BEGIN

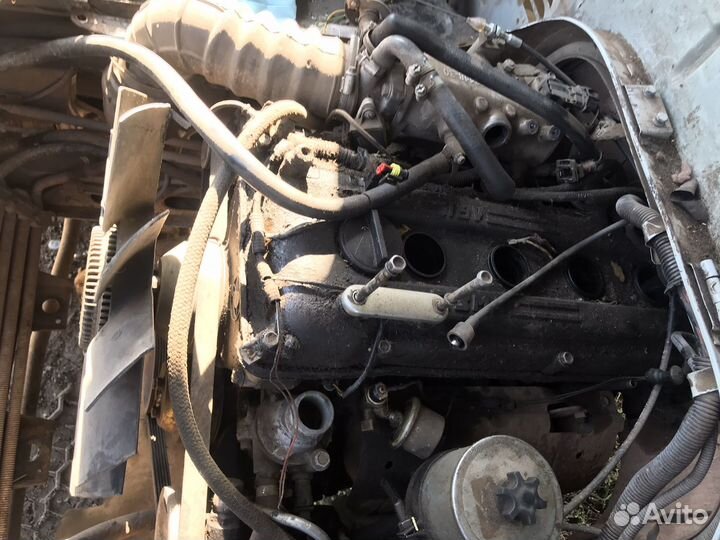 Двигатель змз 409 бу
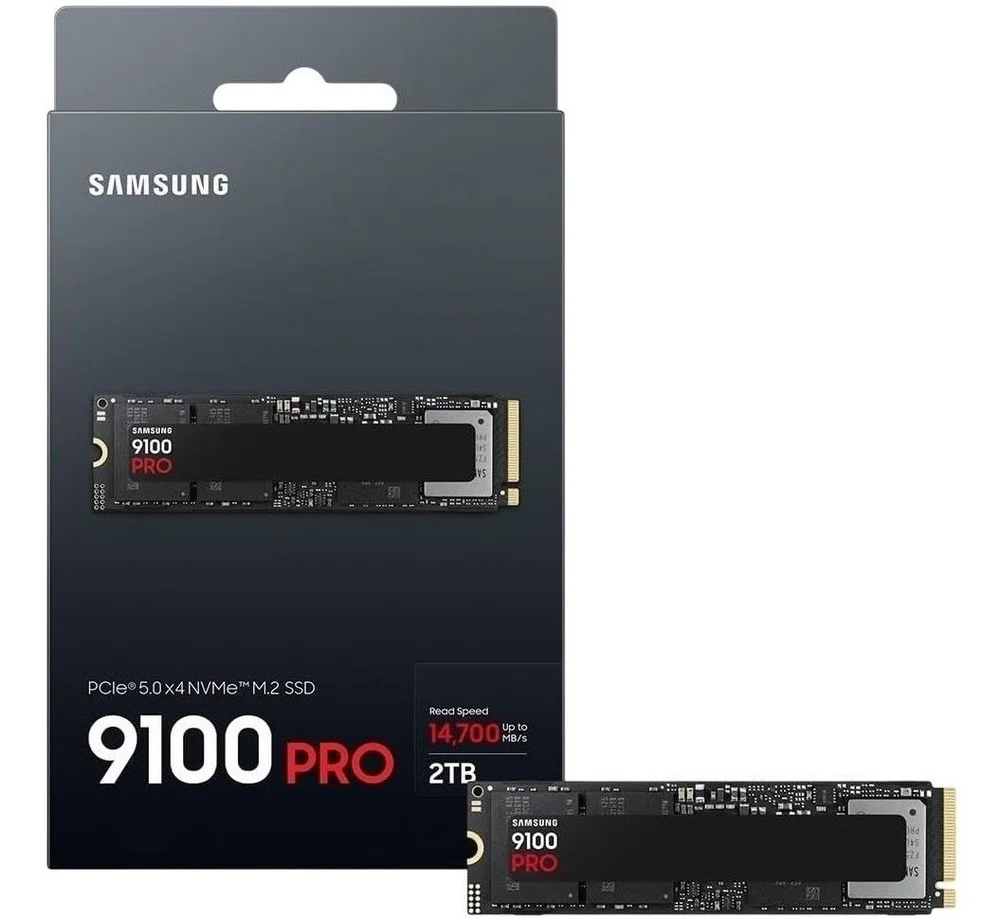 Samsung 9100 PRO 2TB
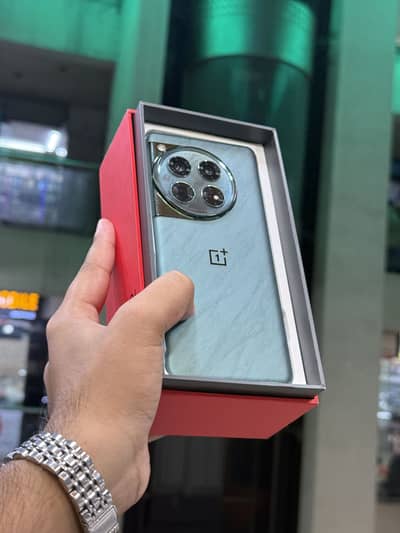 One Plus 12 16 512GB official PTA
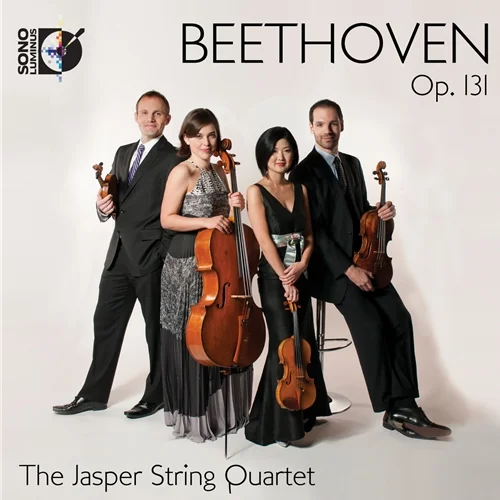 Beethoven String Quartet No. 14, Op. 131 (2014)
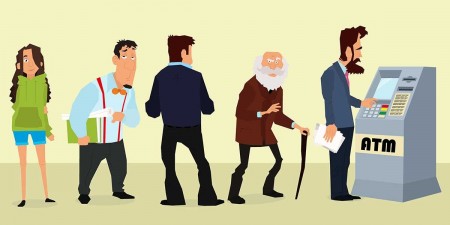 Τείνουμε προς παράταση της τραπεζικής αργίας μέχρι τη Δευτέρα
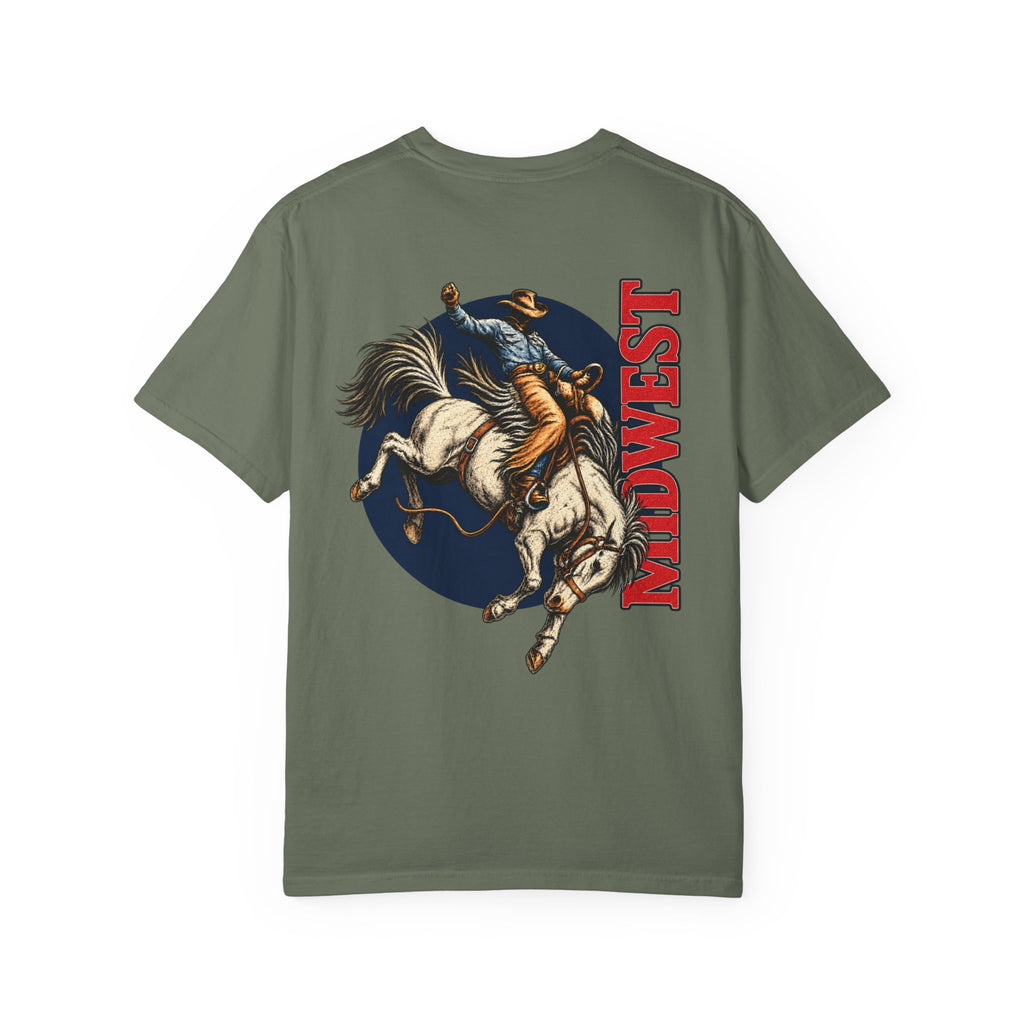 Midwest Bronco - T-Shirt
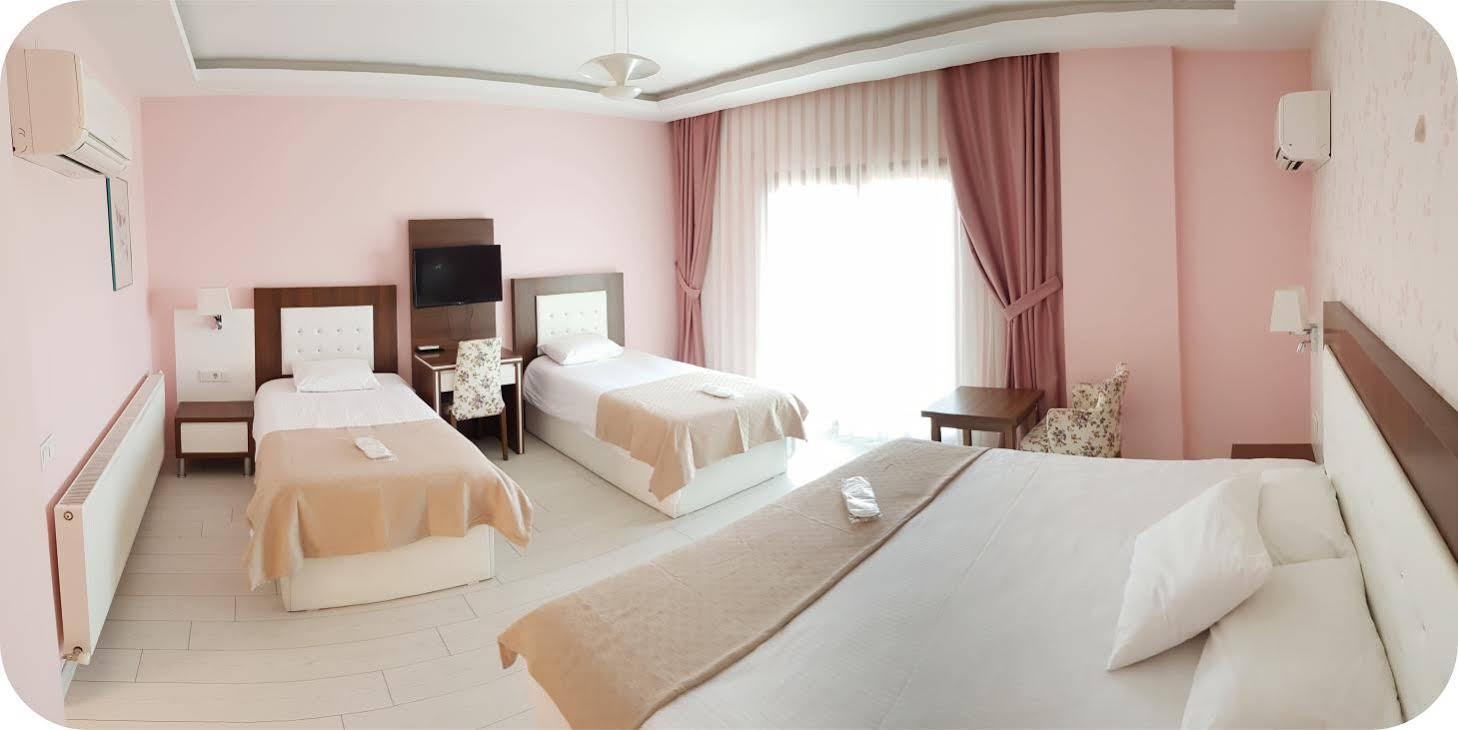 Tralles Hotel Aidim Exterior foto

END

WORK TO COMPLETE: Write out the records shown above exactly, but do not include any images.

WRITTEN RESPONSE:
 Двигатель змз 409 бу
 Samsung 9100 PRO 2TB
 One Plus 12 16 512GB official PTA
 Beethoven String Quartet No. 14, Op. 131 (2014)
 Τείνουμε προς παράταση της τραπεζικής αργίας μέχρι τη Δευτέρα
 Midwest Bronco - T-Shirt
 Tralles Hotel Aidim Exterior foto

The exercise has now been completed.